Task instructions ▸
Go to the line containing "Photo - New" below; retype it and all following lines exactly, and leave out the pictures.

Dataset entries ▸
···
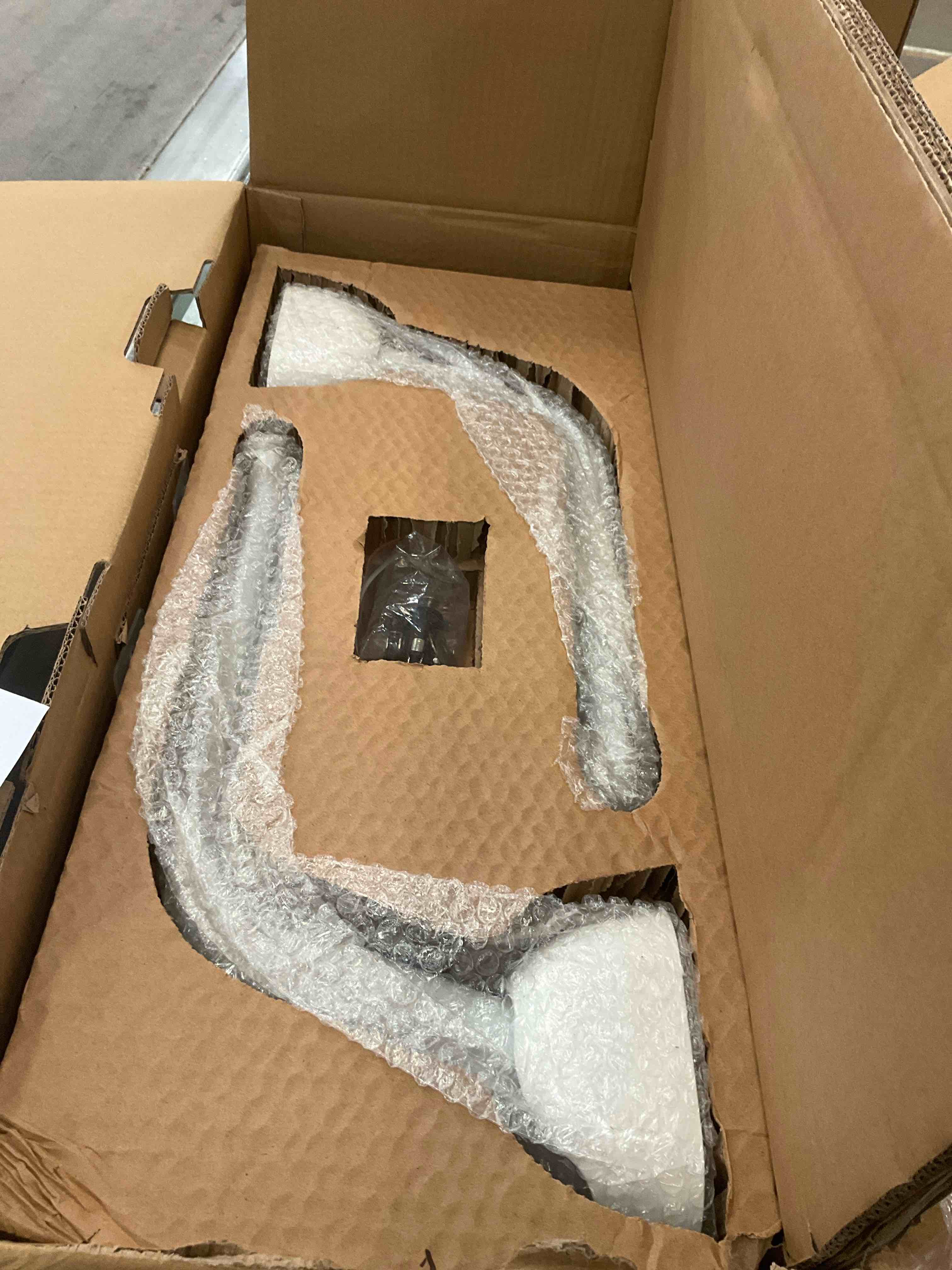 https://s3.amazonaws.com/lotting-images-prod/BargainHunt/EXS01283055_1712596574430.jpeg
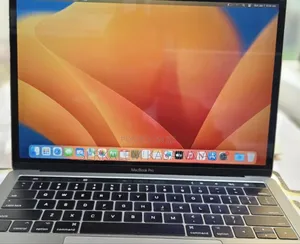 Photo - New Laptop Apple MacBook Pro 16GB Intel Core I7 SSD 512GB
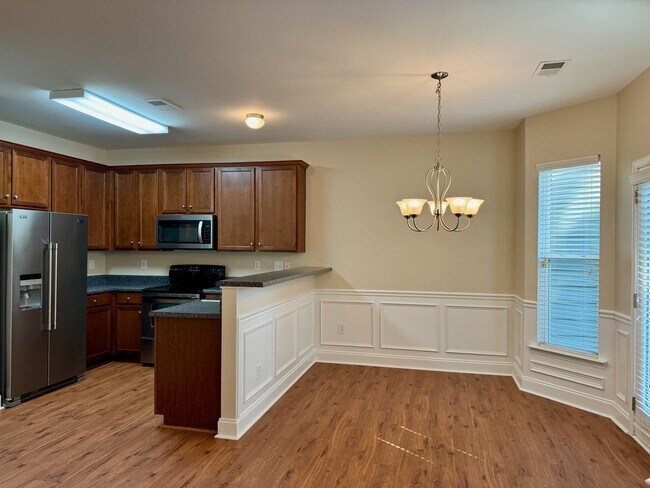 Building Photo - Better than New!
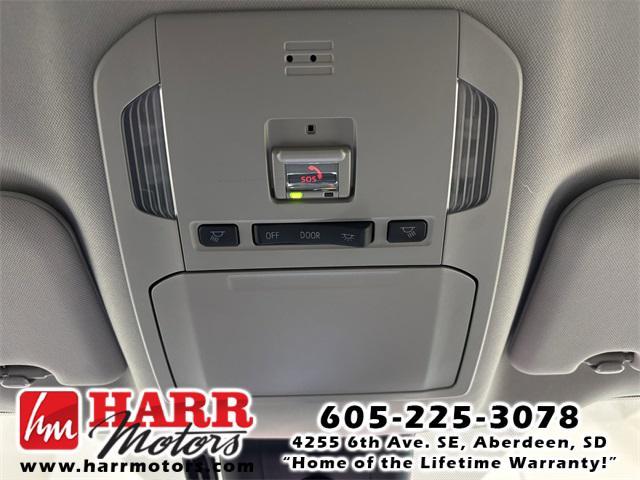 used 2022 Toyota Highlander car, priced at $38,999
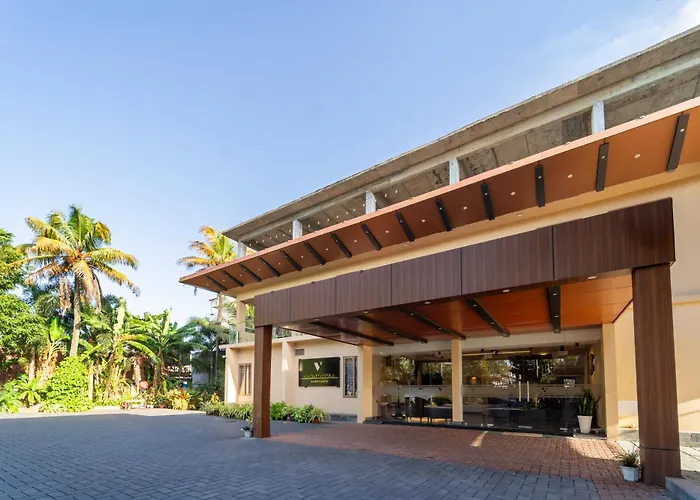 Treebo Grand Vistara Airport Suites Kochi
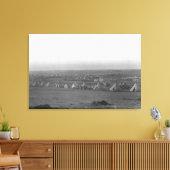 Kamp van de 7e Cavalerie bij Pine Ridge Canvas Afdruk (Insitu (Woonkamer))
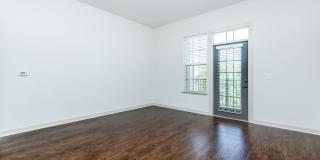 1810 Belcourt Gallery 5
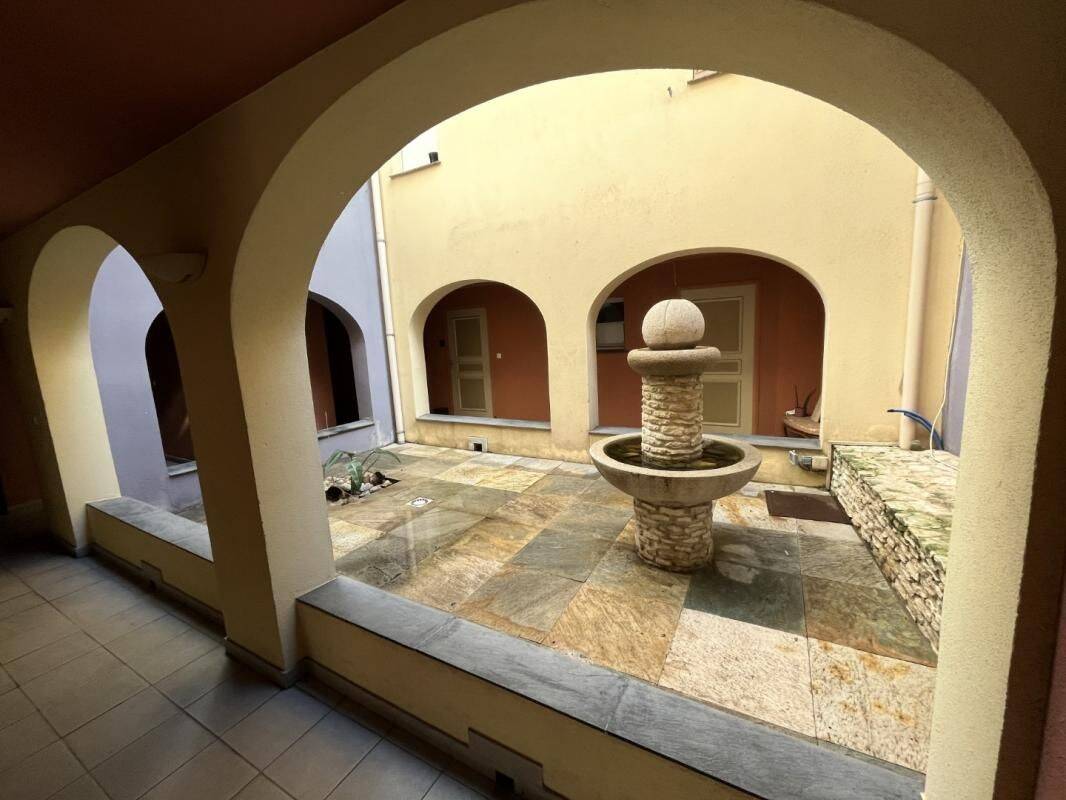 Appartement 1 pièce 30 m² · à Ajaccio · 30 m² · 605 €/mois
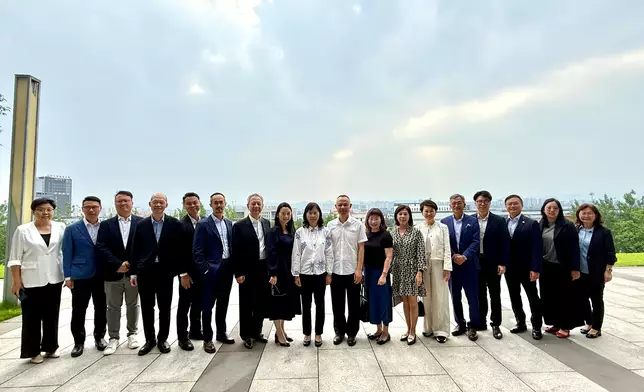 STL visits Chongqing  Source: HKSAR Government Press Releases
···
Response below ▸
 Photo - New Laptop Apple MacBook Pro 16GB Intel Core I7 SSD 512GB
 Building Photo - Better than New!
 used 2022 Toyota Highlander car, priced at $38,999
 Treebo Grand Vistara Airport Suites Kochi
 Kamp van de 7e Cavalerie bij Pine Ridge Canvas Afdruk (Insitu (Woonkamer))
 1810 Belcourt Gallery 5
 Appartement 1 pièce 30 m² · à Ajaccio · 30 m² · 605 €/mois
 STL visits Chongqing  Source: HKSAR Government Press Releases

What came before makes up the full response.